With Datadog, we’re working towards a unified view that allows us to monitor the different parts of our services and infrastructure in a central location, and reduces the amount of time it takes for engineers to switch tools when trying to understand and investigate issues relating to the systems they build.
We’d earlier considered using open-source tools, but at the time, we didn't find one that was suitable enough for our use. Managed observability platforms require less maintenance, and because the observability team at Paystack is a small team, choosing Datadog was a practical decision.
Amazon Cloudwatch
We use Amazon Cloudwatch, the default monitoring tool for our cloud provider, AWS, for infrastructure monitoring, and logging. It’s affordable, easy to integrate, and helpful with some signals, especially infrastructure.

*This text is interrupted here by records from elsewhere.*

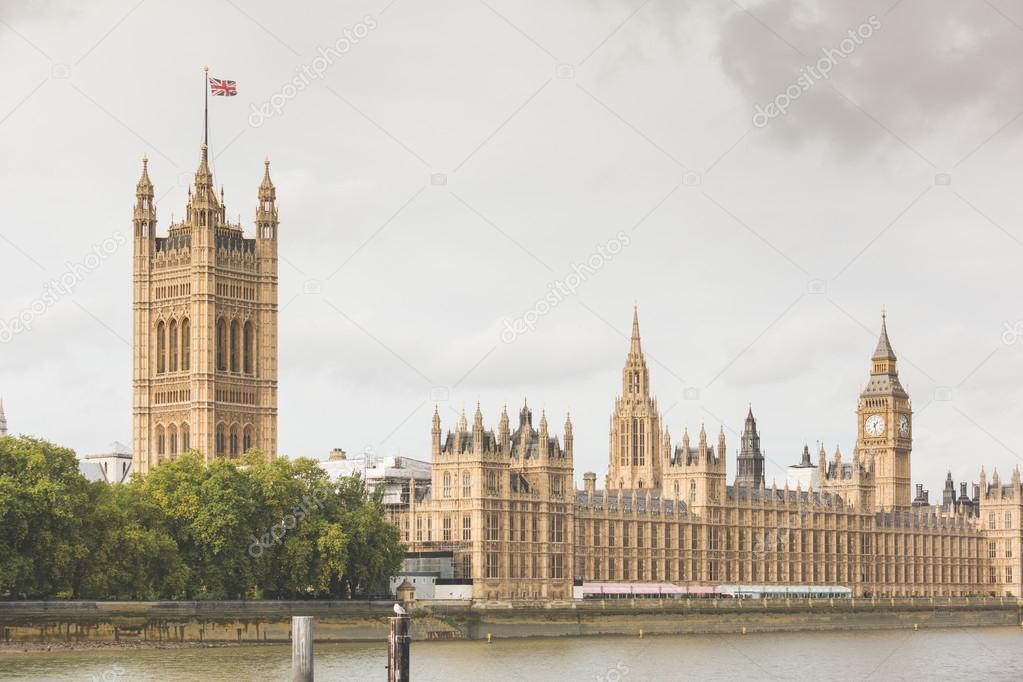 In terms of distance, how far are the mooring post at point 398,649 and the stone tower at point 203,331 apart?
88.8 metres

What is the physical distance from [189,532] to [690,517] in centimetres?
5939

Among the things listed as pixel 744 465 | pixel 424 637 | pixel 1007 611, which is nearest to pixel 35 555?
pixel 424 637

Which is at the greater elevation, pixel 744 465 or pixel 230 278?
pixel 230 278

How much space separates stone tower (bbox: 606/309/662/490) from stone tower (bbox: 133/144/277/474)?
3673 cm

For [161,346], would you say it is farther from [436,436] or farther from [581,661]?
[581,661]

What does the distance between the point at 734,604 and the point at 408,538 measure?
21.6 m

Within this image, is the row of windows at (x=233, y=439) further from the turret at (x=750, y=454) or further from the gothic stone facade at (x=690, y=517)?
the turret at (x=750, y=454)

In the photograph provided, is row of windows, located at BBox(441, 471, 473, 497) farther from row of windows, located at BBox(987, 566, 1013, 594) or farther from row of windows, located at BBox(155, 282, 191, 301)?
row of windows, located at BBox(987, 566, 1013, 594)

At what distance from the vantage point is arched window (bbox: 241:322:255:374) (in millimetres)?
147750

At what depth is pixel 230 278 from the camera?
5807 inches

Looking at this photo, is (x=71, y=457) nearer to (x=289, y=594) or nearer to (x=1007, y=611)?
(x=289, y=594)

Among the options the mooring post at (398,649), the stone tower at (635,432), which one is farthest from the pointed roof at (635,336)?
the mooring post at (398,649)

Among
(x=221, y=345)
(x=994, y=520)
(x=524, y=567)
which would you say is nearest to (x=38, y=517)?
(x=524, y=567)

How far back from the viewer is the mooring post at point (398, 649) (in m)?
54.8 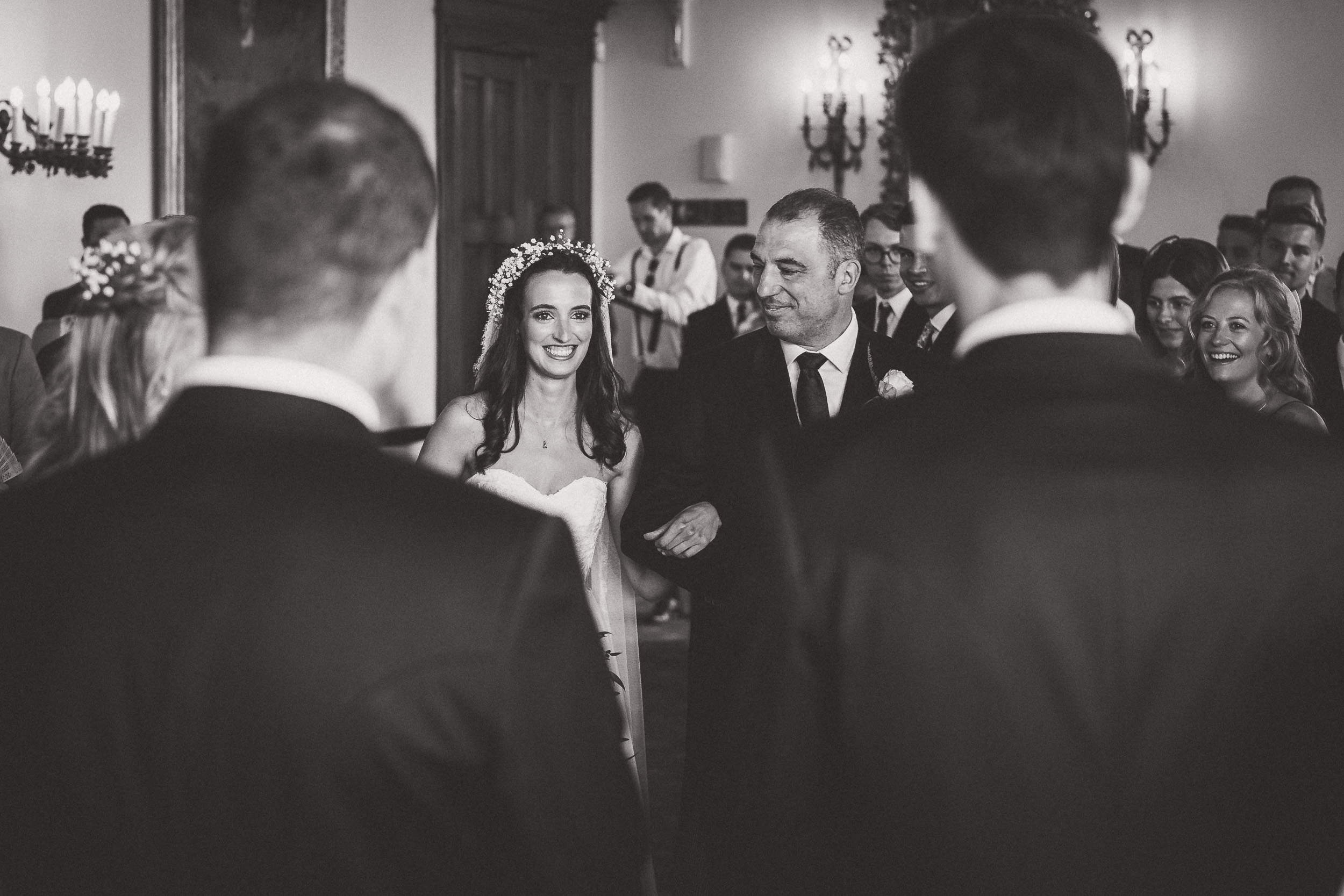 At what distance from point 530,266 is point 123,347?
1.96 meters

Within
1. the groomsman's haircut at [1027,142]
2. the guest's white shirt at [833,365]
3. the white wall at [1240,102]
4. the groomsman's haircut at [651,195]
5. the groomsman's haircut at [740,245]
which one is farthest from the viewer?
the groomsman's haircut at [651,195]

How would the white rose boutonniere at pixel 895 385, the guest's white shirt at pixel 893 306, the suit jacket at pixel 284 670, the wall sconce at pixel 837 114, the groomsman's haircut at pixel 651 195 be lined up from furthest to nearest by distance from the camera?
the wall sconce at pixel 837 114, the groomsman's haircut at pixel 651 195, the guest's white shirt at pixel 893 306, the white rose boutonniere at pixel 895 385, the suit jacket at pixel 284 670

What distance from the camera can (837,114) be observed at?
922cm

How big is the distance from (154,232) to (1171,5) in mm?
7895

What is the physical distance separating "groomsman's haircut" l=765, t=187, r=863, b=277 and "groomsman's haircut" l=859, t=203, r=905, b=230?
2193 millimetres

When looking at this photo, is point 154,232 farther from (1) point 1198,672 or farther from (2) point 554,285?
(2) point 554,285

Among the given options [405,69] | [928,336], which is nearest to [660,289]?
[405,69]

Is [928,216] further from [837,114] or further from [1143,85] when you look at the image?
[837,114]

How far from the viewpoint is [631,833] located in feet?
4.42

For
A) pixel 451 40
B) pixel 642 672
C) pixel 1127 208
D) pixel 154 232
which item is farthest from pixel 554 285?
pixel 451 40

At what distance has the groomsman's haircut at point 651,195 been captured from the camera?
27.1 ft

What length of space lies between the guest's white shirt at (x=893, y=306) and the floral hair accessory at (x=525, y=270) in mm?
2150

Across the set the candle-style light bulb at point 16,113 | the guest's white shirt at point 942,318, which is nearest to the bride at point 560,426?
the guest's white shirt at point 942,318

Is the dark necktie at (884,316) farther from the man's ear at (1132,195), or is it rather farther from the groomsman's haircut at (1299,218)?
the man's ear at (1132,195) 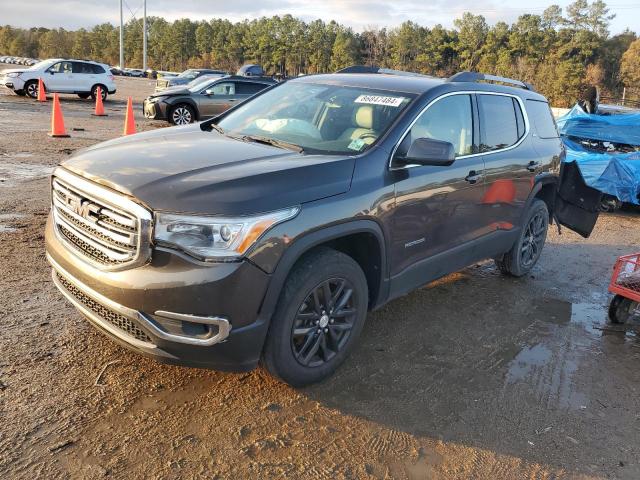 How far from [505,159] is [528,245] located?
1310 mm

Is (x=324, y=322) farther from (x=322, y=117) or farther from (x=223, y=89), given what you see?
(x=223, y=89)

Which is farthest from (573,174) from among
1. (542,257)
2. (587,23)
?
(587,23)

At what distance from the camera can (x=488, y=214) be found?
182 inches

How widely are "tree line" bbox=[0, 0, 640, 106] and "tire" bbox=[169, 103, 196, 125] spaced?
39489mm

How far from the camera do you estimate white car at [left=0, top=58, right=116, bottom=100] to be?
2156cm

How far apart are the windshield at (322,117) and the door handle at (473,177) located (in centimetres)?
79

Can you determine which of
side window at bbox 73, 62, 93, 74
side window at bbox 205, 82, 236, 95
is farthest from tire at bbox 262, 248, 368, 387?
side window at bbox 73, 62, 93, 74

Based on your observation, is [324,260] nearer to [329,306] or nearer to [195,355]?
[329,306]

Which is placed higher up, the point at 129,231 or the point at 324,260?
the point at 129,231

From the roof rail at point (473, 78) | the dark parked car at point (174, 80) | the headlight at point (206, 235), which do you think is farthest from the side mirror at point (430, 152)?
the dark parked car at point (174, 80)

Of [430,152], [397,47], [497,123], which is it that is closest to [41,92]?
[497,123]

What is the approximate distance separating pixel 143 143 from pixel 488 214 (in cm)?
279

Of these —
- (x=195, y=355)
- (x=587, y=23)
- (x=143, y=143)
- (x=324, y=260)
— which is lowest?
(x=195, y=355)

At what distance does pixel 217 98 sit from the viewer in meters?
16.6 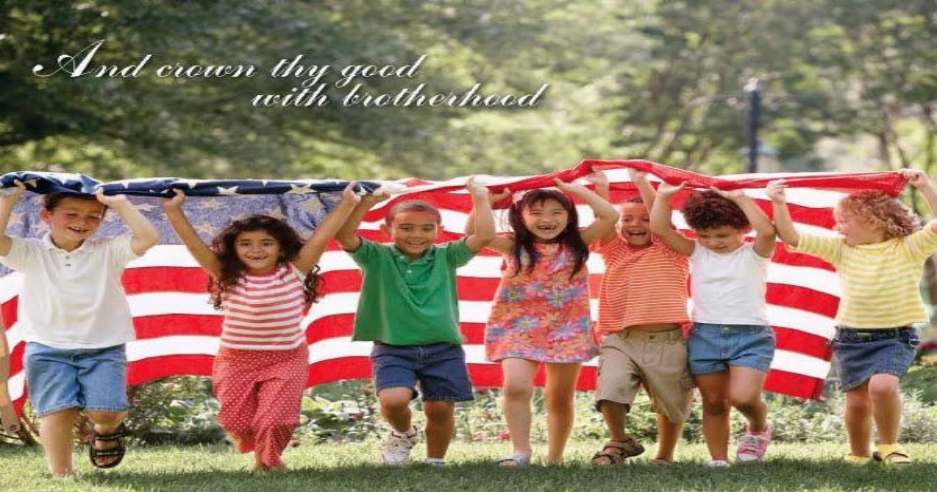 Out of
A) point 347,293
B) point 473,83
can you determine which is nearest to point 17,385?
point 347,293

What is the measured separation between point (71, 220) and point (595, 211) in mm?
2735

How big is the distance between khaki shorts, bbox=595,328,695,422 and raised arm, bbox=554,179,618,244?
56 centimetres

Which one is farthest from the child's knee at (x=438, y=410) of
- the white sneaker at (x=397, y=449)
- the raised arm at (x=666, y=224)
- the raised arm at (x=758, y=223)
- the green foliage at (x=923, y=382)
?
the green foliage at (x=923, y=382)

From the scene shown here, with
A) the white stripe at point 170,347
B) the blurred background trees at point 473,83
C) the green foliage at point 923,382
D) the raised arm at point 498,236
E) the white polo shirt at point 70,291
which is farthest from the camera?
the blurred background trees at point 473,83

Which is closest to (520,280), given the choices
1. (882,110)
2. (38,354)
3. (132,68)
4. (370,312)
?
(370,312)

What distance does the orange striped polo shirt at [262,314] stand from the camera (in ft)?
25.2

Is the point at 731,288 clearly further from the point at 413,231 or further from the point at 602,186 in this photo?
the point at 413,231

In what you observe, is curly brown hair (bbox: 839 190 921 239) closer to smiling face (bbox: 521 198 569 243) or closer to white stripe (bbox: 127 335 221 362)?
smiling face (bbox: 521 198 569 243)

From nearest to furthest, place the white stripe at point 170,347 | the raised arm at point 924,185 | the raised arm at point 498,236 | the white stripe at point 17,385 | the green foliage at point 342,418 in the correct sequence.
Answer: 1. the raised arm at point 924,185
2. the raised arm at point 498,236
3. the white stripe at point 17,385
4. the white stripe at point 170,347
5. the green foliage at point 342,418

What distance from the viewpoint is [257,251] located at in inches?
304

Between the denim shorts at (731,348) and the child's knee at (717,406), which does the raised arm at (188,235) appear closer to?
the denim shorts at (731,348)

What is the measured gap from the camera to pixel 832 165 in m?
40.0

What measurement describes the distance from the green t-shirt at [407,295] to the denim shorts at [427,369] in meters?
0.05

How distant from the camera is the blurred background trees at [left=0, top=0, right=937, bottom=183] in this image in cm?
1836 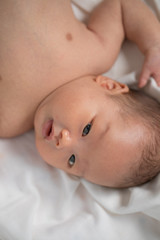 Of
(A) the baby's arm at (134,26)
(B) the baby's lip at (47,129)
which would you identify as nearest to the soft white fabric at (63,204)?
(A) the baby's arm at (134,26)

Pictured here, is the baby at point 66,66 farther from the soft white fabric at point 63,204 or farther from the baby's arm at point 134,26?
the soft white fabric at point 63,204

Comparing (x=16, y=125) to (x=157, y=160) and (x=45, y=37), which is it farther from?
(x=157, y=160)

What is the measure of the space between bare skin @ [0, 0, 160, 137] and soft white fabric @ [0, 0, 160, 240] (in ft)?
0.43

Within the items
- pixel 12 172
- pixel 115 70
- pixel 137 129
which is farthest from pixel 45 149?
pixel 115 70

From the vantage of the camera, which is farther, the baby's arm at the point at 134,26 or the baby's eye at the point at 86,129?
the baby's arm at the point at 134,26

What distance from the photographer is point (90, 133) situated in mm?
898

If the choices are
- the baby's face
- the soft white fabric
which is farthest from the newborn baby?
the soft white fabric

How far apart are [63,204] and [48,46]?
686 mm

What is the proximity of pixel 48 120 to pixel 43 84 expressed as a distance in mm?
160

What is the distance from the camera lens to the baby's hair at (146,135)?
2.88ft

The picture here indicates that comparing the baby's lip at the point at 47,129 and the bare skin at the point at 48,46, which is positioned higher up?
the bare skin at the point at 48,46

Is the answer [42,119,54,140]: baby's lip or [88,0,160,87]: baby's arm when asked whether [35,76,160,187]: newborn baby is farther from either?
[88,0,160,87]: baby's arm

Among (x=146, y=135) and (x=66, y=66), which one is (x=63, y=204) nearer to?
(x=146, y=135)

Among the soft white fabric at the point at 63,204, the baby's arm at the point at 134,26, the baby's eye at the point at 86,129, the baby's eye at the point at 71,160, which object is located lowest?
the soft white fabric at the point at 63,204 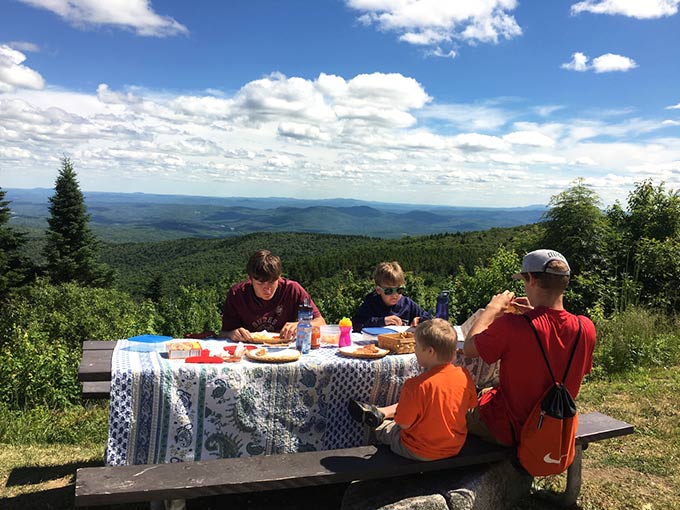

Amazon Cloudwatch has graphs which makes it easy to look at a resource on the dashboard, and then look at its logs and metrics, without having to switch to a different tool. Cloudwatch also provides signals (logs, metrics, and events) from our AWS resources.
Loggly
We use Loggly for logging and alerting.
With Loggly’s search and indexing features, we’re able to find answers to questions. We started using Loggly in late 2015 (before our public launch) because it was easy to work with and was intuitive for our application logging needs. We used it as a way to aggregate and easily search through console messages generated by the application while running in production.
Loggly helps us make sense of our application logs. We can search, visualize, and create alerts. We find this useful because it’s important for the product engineering teams to have a painless experience when troubleshooting.
Choosing an observability tool
There are several tools required to make observability effective. Here are a few factors we consider when choosing our observability tools:
- Tools that are flexible such that we can add context to our application requests
- Tools that allow us to automate our workflows
- Tools that provide additional visibility into our services and can help with troubleshooting
- Tools with flexible and transparent pricing
- Tools with machine learning to detect anomalies in our services. i.e. the "unknown unknowns"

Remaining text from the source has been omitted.